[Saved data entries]

----

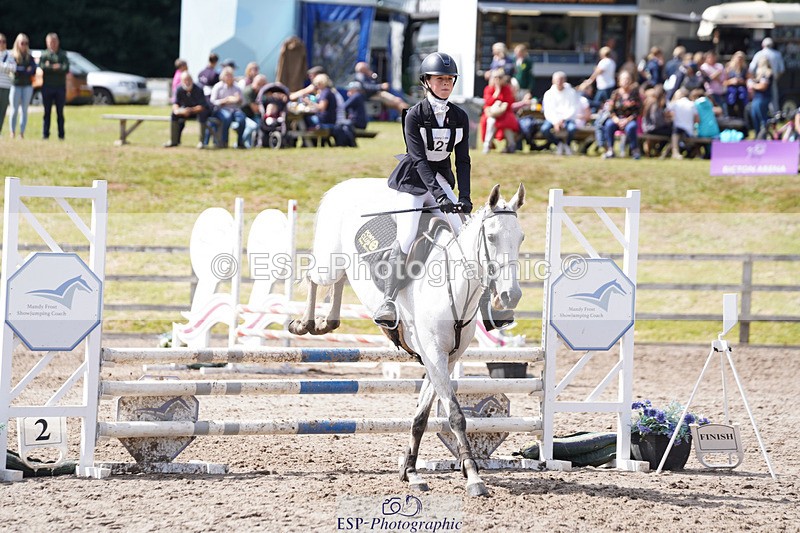 240824X-130550-27498 - 80cm Round 1 13.00 to 14.00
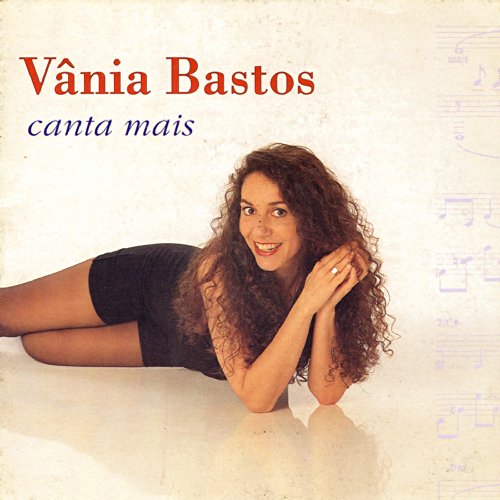 Vânia Bastos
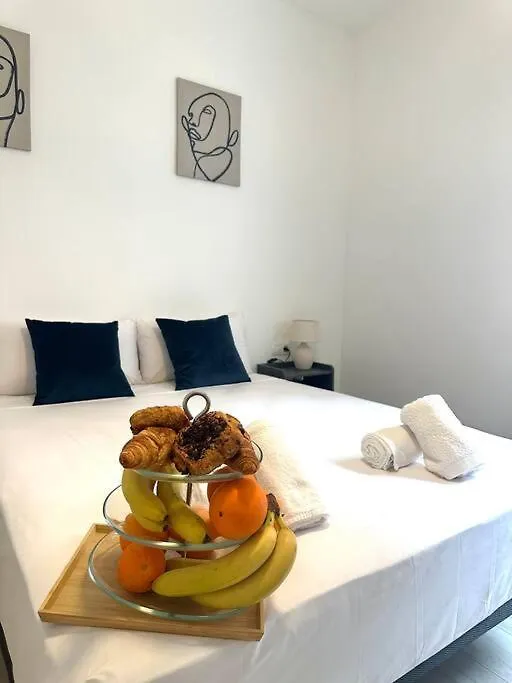 Pizarro Apartments ! Málaga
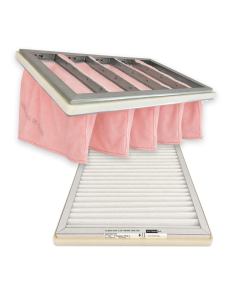 Alternative filter set compatible with FLEXIT L7X, S7X and VG700 ventilation units &ndash; high-quality replacement air filters for efficient filtration, reliable airflow, and improved indoor air quality.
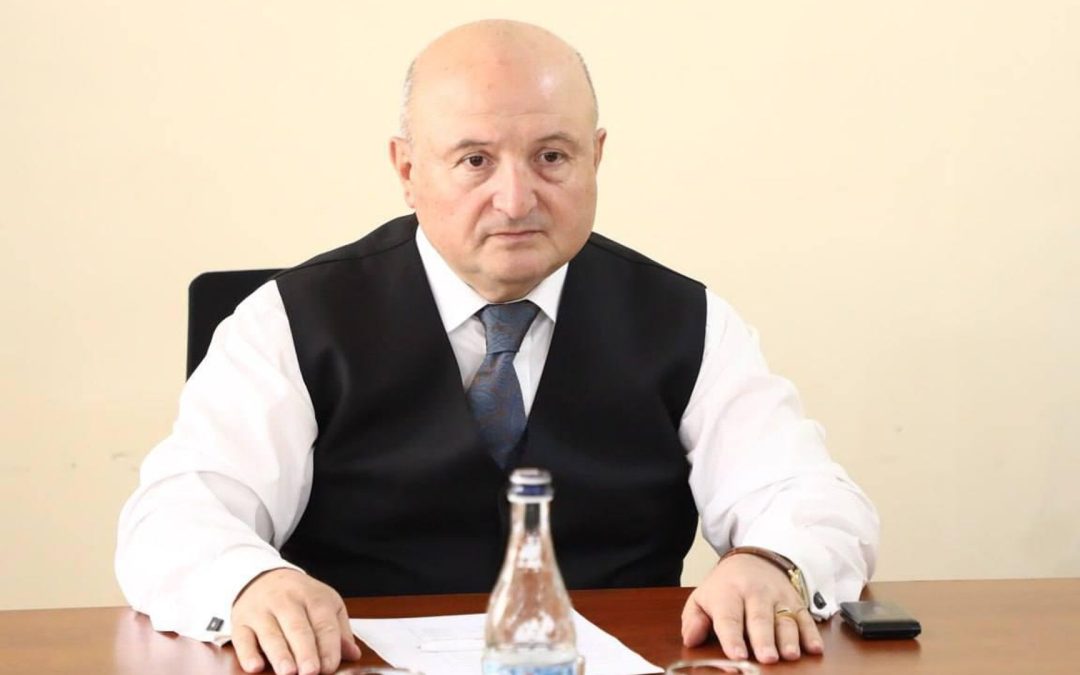 Բժիշկներին չեն թողնում տեսակցել Վարդան Ղուկասյանին․ հայտարարություն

----

Instructions for the task
The records above must be repeated exactly, minus their pictures.

Response to this task
 240824X-130550-27498 - 80cm Round 1 13.00 to 14.00
 Vânia Bastos
 Pizarro Apartments ! Málaga
 Alternative filter set compatible with FLEXIT L7X, S7X and VG700 ventilation units &ndash; high-quality replacement air filters for efficient filtration, reliable airflow, and improved indoor air quality.
 Բժիշկներին չեն թողնում տեսակցել Վարդան Ղուկասյանին․ հայտարարություն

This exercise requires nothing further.